INPUT RECORDS section start

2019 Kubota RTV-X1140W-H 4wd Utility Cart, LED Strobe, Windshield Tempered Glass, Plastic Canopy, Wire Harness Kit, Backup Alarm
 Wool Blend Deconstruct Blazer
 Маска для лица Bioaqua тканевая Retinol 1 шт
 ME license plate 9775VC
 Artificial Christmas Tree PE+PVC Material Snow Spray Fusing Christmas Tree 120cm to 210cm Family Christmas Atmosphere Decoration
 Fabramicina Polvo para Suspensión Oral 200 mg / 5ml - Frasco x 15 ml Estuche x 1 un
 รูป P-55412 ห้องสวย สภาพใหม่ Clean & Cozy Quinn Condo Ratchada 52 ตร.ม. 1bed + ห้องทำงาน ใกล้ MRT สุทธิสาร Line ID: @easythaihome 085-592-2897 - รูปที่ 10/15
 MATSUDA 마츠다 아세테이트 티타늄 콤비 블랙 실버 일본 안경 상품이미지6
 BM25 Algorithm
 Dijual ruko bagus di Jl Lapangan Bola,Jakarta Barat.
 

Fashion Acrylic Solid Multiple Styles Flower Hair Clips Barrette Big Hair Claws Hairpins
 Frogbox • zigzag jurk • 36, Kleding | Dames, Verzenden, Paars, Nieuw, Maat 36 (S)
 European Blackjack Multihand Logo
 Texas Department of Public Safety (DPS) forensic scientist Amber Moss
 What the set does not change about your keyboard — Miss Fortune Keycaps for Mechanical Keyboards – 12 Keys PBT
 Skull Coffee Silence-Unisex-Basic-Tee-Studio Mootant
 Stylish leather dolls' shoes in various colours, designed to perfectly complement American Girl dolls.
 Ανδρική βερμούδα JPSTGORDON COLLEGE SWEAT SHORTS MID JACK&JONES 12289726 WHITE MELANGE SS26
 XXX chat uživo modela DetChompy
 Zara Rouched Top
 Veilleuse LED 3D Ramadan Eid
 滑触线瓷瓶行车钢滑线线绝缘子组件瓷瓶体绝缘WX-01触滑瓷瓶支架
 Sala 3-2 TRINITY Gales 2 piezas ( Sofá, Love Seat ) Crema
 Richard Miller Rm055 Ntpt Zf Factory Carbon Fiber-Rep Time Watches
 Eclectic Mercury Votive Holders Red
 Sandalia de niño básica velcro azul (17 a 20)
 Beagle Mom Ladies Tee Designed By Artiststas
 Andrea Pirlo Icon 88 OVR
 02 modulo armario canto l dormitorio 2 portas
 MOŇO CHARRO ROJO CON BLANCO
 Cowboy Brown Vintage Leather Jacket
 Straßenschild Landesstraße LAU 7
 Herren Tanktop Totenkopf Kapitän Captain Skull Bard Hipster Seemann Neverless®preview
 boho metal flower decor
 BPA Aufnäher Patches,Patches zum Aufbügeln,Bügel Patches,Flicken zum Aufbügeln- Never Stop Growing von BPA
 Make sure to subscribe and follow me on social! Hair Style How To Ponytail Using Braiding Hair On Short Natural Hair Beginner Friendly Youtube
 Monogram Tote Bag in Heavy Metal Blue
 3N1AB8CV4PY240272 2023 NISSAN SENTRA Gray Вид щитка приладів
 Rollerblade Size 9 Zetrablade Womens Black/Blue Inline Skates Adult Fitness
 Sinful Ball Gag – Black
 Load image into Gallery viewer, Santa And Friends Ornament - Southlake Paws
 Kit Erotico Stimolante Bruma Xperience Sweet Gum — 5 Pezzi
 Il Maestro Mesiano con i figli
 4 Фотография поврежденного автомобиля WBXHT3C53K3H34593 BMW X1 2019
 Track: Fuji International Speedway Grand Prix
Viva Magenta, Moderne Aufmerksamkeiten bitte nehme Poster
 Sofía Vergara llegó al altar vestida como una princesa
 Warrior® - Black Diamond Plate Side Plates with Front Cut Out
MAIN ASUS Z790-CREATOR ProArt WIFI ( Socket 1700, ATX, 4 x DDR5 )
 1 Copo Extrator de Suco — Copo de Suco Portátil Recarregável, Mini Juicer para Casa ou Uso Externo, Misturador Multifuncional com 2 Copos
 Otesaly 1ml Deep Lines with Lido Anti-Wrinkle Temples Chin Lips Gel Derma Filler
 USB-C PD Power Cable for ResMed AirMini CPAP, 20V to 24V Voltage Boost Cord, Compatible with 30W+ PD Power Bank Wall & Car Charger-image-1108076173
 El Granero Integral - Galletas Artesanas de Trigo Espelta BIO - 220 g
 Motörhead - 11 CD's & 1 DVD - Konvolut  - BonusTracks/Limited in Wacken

INPUT RECORDS section end

TASK STATEMENT: Nothing but the lines above from the one containing "Sofía Vergara llegó" through the one containing "USB-C PD Power" should appear in the answer, each repeated exactly.

RESULT BELOW:
 Sofía Vergara llegó al altar vestida como una princesa
 Warrior® - Black Diamond Plate Side Plates with Front Cut Out
MAIN ASUS Z790-CREATOR ProArt WIFI ( Socket 1700, ATX, 4 x DDR5 )
 1 Copo Extrator de Suco — Copo de Suco Portátil Recarregável, Mini Juicer para Casa ou Uso Externo, Misturador Multifuncional com 2 Copos
 Otesaly 1ml Deep Lines with Lido Anti-Wrinkle Temples Chin Lips Gel Derma Filler
 USB-C PD Power Cable for ResMed AirMini CPAP, 20V to 24V Voltage Boost Cord, Compatible with 30W+ PD Power Bank Wall & Car Charger-image-1108076173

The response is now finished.